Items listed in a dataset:
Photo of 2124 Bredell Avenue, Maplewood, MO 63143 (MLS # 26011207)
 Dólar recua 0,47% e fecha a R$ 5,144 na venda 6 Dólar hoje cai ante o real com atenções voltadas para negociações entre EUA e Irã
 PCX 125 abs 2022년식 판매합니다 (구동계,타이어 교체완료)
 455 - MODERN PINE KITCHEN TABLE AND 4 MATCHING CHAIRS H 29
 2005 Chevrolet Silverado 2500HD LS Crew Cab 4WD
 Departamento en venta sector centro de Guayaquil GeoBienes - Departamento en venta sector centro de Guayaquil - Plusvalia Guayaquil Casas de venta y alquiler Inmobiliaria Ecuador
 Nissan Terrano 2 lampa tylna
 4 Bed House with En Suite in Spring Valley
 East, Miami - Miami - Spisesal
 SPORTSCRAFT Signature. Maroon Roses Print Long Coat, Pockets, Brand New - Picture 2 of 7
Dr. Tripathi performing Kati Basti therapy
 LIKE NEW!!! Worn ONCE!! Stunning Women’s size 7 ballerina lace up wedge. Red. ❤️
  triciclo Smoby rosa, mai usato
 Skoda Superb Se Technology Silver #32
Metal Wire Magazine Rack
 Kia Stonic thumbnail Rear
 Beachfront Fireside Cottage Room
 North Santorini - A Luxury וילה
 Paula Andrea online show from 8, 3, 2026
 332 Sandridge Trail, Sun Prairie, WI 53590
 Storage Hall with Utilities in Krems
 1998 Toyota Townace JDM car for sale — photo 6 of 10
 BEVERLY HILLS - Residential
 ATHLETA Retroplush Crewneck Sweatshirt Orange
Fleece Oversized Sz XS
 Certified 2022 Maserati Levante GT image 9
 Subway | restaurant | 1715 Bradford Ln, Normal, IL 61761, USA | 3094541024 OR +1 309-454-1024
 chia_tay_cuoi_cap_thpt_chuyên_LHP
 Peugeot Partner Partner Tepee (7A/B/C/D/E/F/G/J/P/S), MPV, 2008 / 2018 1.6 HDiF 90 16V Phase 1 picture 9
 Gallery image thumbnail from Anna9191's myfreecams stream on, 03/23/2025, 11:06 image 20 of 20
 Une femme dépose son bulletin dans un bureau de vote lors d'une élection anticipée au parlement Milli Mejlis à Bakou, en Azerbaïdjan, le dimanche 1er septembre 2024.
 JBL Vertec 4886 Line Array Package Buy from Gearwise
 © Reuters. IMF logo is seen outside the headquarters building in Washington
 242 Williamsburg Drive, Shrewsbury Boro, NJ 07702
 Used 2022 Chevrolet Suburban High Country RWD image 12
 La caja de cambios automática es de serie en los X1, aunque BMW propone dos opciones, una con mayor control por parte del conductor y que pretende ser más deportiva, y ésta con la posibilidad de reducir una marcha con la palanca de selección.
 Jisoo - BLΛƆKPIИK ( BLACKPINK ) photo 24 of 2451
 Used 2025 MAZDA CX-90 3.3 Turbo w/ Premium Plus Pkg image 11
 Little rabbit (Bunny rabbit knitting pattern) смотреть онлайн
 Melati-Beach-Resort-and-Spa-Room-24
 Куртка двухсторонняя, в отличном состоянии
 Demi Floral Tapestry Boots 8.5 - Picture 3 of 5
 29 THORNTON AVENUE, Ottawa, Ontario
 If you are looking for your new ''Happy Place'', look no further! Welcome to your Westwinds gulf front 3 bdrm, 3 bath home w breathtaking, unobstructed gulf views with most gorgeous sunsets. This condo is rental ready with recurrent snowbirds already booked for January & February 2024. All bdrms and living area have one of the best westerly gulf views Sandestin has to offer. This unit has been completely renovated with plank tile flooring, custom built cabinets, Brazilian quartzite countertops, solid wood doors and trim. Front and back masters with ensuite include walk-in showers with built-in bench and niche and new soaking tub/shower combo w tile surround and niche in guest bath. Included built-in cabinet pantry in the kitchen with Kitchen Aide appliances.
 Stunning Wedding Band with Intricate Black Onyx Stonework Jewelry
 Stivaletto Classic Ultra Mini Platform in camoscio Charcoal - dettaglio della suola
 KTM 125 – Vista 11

▸ **ACTIVITY**
Repeat, exactly as they stand above, the lines from the line with "Dr. Tripathi performing Kati Basti therapy" to the line with "chia_tay_cuoi_cap_thpt_chuyên_LHP", both lines included.

▸ **OUTPUT BELOW**
Dr. Tripathi performing Kati Basti therapy
 LIKE NEW!!! Worn ONCE!! Stunning Women’s size 7 ballerina lace up wedge. Red. ❤️
  triciclo Smoby rosa, mai usato
 Skoda Superb Se Technology Silver #32
Metal Wire Magazine Rack
 Kia Stonic thumbnail Rear
 Beachfront Fireside Cottage Room
 North Santorini - A Luxury וילה
 Paula Andrea online show from 8, 3, 2026
 332 Sandridge Trail, Sun Prairie, WI 53590
 Storage Hall with Utilities in Krems
 1998 Toyota Townace JDM car for sale — photo 6 of 10
 BEVERLY HILLS - Residential
 ATHLETA Retroplush Crewneck Sweatshirt Orange
Fleece Oversized Sz XS
 Certified 2022 Maserati Levante GT image 9
 Subway | restaurant | 1715 Bradford Ln, Normal, IL 61761, USA | 3094541024 OR +1 309-454-1024
 chia_tay_cuoi_cap_thpt_chuyên_LHP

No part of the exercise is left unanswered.